In the first part of the “Your Own Red Hat Server” series, we configured a web server using Apache (and optionally Nginx), and in the second part, we installed the PHP interpreter and the MariaDB database system.
In Part 3, we will install a TSL/SSL certificate in a distribution compatible with Red Hat/CentOS/Alma/Rocky Linux.
What is TSL/SSL?
From Wikipedia:
TLS (Transport Layer Security) – an Internet standard extension of the SSL (Secure Socket Layer) protocol, originally designed by Netscape Communications. TLS ensures the confidentiality and integrity of data transmission, as well as server and sometimes client authentication. It is based on asymmetric encryption and X.509 certificates.
For the purposes of this post, we will use the free Let’s Encrypt certificate, which I will install using the “certbot” tool.
Installation
Make sure your firewall allows https connections.
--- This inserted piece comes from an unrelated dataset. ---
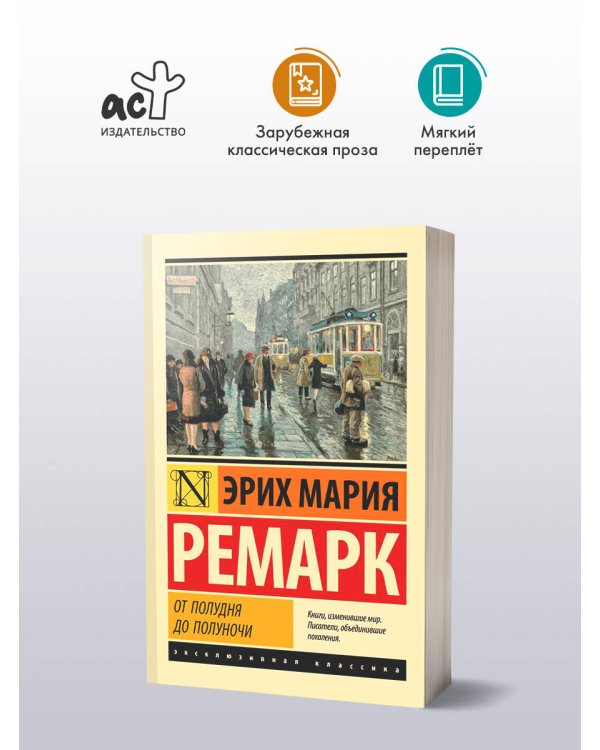 От полудня до полуночи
firewall-cmd –zone=public –permanent –add-service=https
firewall-cmd –reload
The default Rocky Linux repositories we’re using don’t have the certbot package. You need to add the “epel” repositories.
Apache Installation
dnf install epel-release
dnf install certbot python3-certbot-apache
dnf install mod_ssl
Create an SSL configuration, e.g.:
nano /etc/httpd/conf.d/pavroo-ssl.conf
##### pavroo.pl ######
<IfModule mod_ssl.c>
<VirtualHost *:443>
ServerAdmin admin@pavroo.pl
ServerName pavroo.pl
ServerAlias www.pavroo.pl pavroo.pl
DocumentRoot /home/pavroo/public_html
<Directory /home/pavroo/public_html/>
Options All Indexes FollowSymLinks
AllowOverride All
Require all granted
</Directory>
ErrorLog /var/log/httpd/error-pavroo-pl.log
CustomLog /var/log/httpd/access-pavroo-pl.log combined
SSLEngine on
SSLCertificateFile /etc/pki/tls/certs/localhost.crt
SSLCertificateKeyFile /etc/pki/tls/private/localhost.key
<FilesMatch “\.(cgi|shtml|phtml|php)$”>
SSLOptions +StdEnvVars
</FilesMatch>
<Directory /usr/lib/cgi-bin>
SSLOptions +StdEnvVars
</Directory>
</VirtualHost>
</IfModule>
If the certificate is not available in the specified locations, create a new one:
openssl req -x509 -nodes -days 365 -newkey rsa:2048 -keyout /etc/pki/tls/private/localhost.key -out /etc/pki/tls/certs/localhost.crt
Restart Apache:
systemctl restart httpd
Now install the TSL certificate:
certbot –apache -d pavroo.pl -d www.pavroo.pl
Restart Apache:
systemctl restart httpd
Installation for Nginx
dnf install epel-release
dnf install certbot python3-certbot-nginx
Add the SSL configuration to the existing file, e.g.:
nano /etc/nginx/conf.d/pavroo.conf
server {
listen 443 ssl http2;
server_name pavroo.pl www.pavroo.pl;
root /home/pavroo/public_html;
index index.php index.html index.htm;
ssl_certificate /etc/pki/tls/certs/localhost.crt;
ssl_certificate_key /etc/pki/tls/private/localhost.key;
location /
{
try_files $uri $uri/ =404;
}
}
If the certificate is not available in the specified locations, create a new one:
openssl req -x509 -nodes -days 365 -newkey rsa:2048 -keyout /etc/pki/tls/private/localhost.key -out /etc/pki/tls/certs/localhost.crt
Restart Nginx:
systemctl restart nginx
Now install the TSL certificate:
certbot –nginx -d pavroo.pl -d www.pavroo.pl
Restart Nginx:
systemctl restart nginx
Renewing the certificate
Manually renewing the certificate for all registered domains,
Renewing the Let’s Encrypt certificate for Apache:
certbot renew –apache
Renewing the Let’s Encrypt certificate for Nginx:
certbot renew –nginx
Automatic certificate renewal
The certificate renewal process can be automated and delegated to cron.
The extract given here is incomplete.